● Prompt
Repeat the whole listing word for word, skipping pictures.

(Beginning of Data shown)

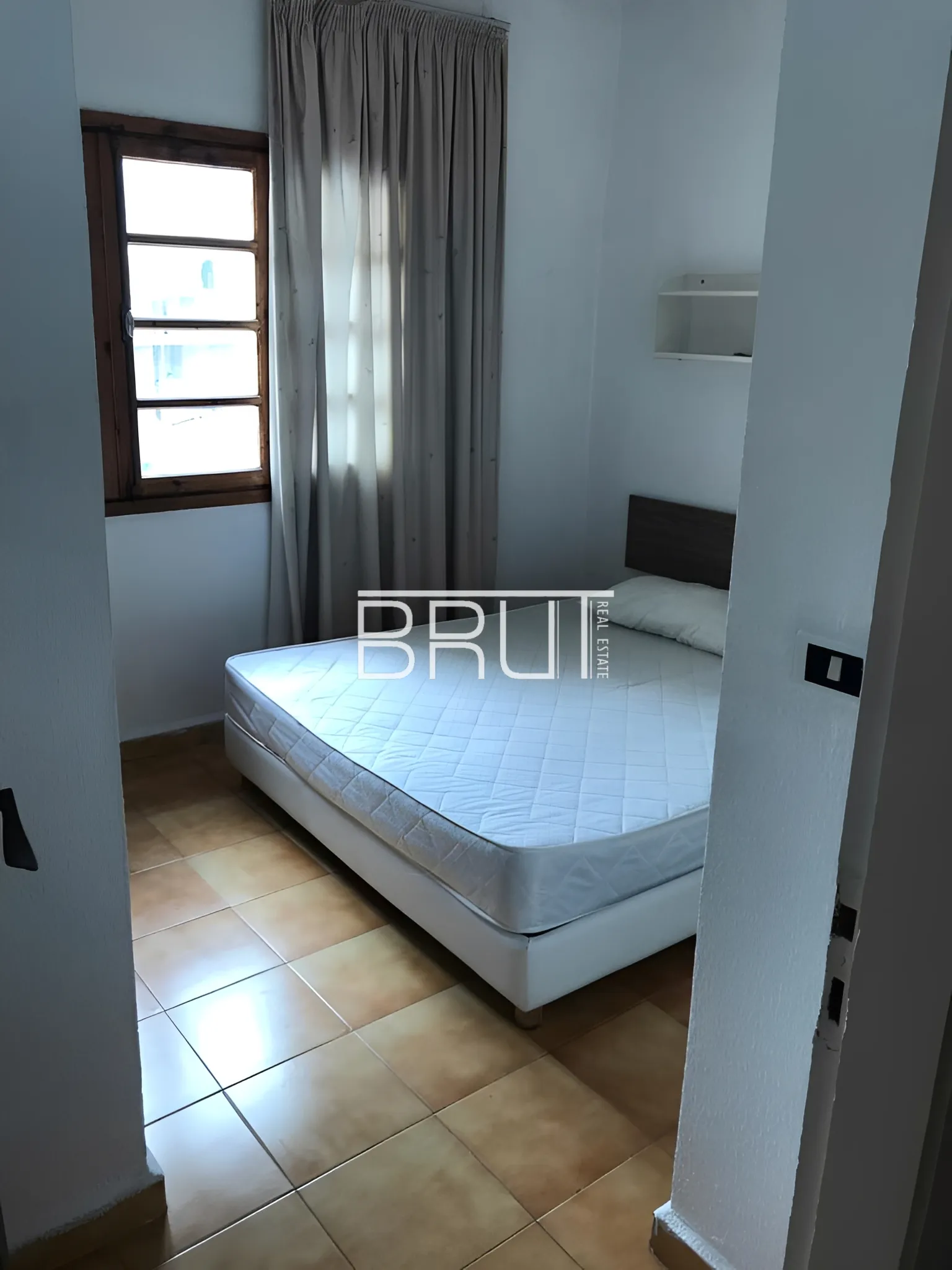 Chalet for Rent in Faitroun
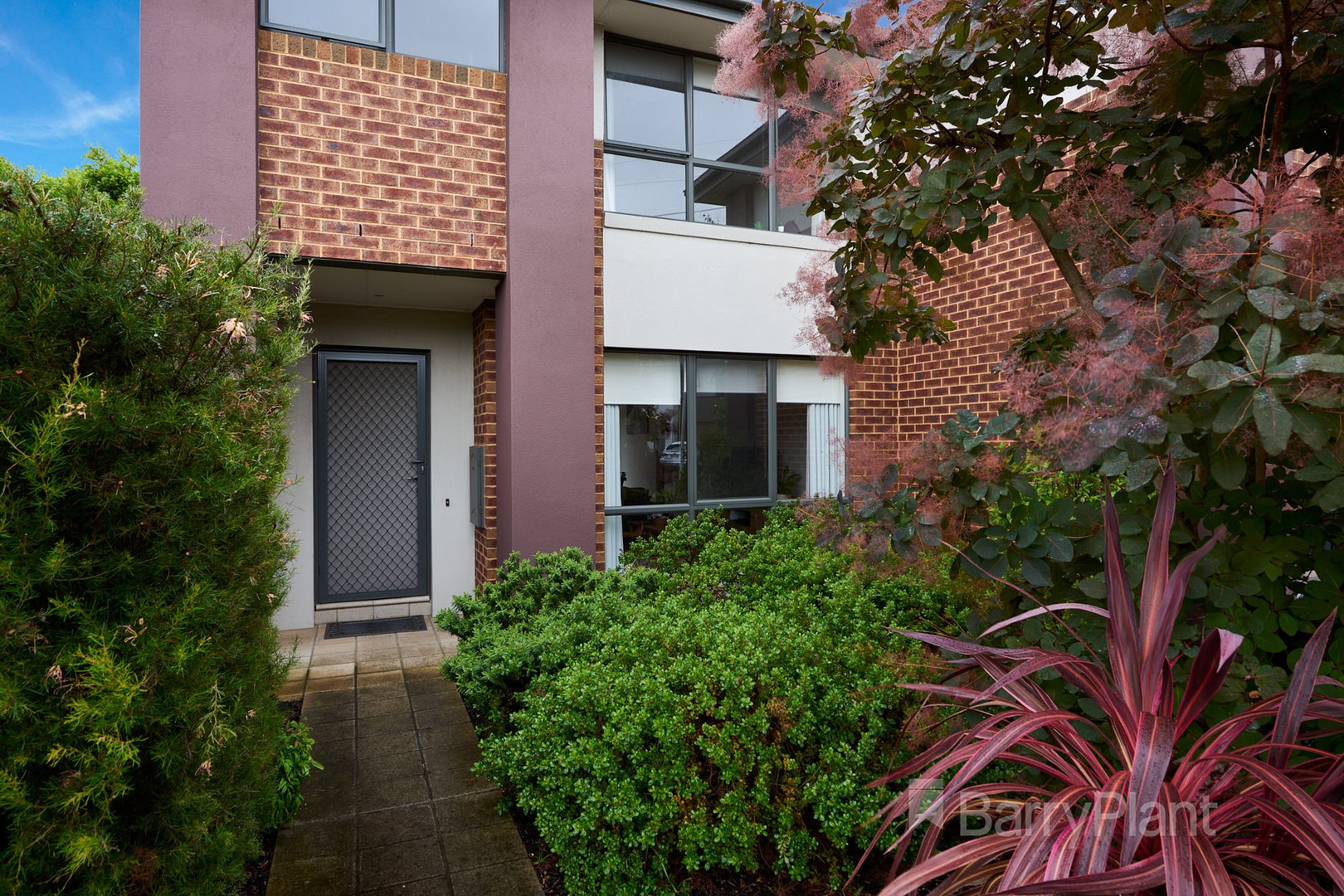 31 St James Park Drive, Mulgrave, VIC 3170, Mulgrave - Thumbnail 2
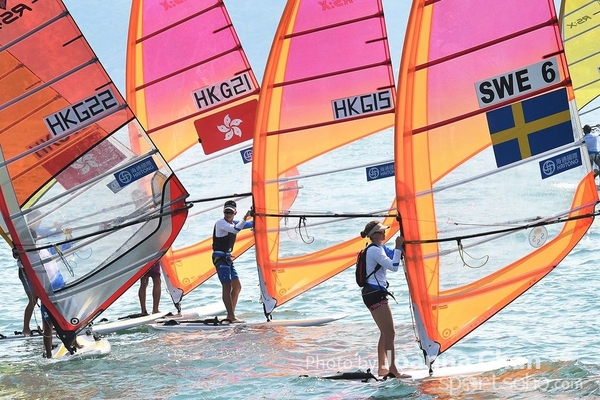 windsurf (126)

(End of Data shown)

● Written answer
 Chalet for Rent in Faitroun
 31 St James Park Drive, Mulgrave, VIC 3170, Mulgrave - Thumbnail 2
 windsurf (126)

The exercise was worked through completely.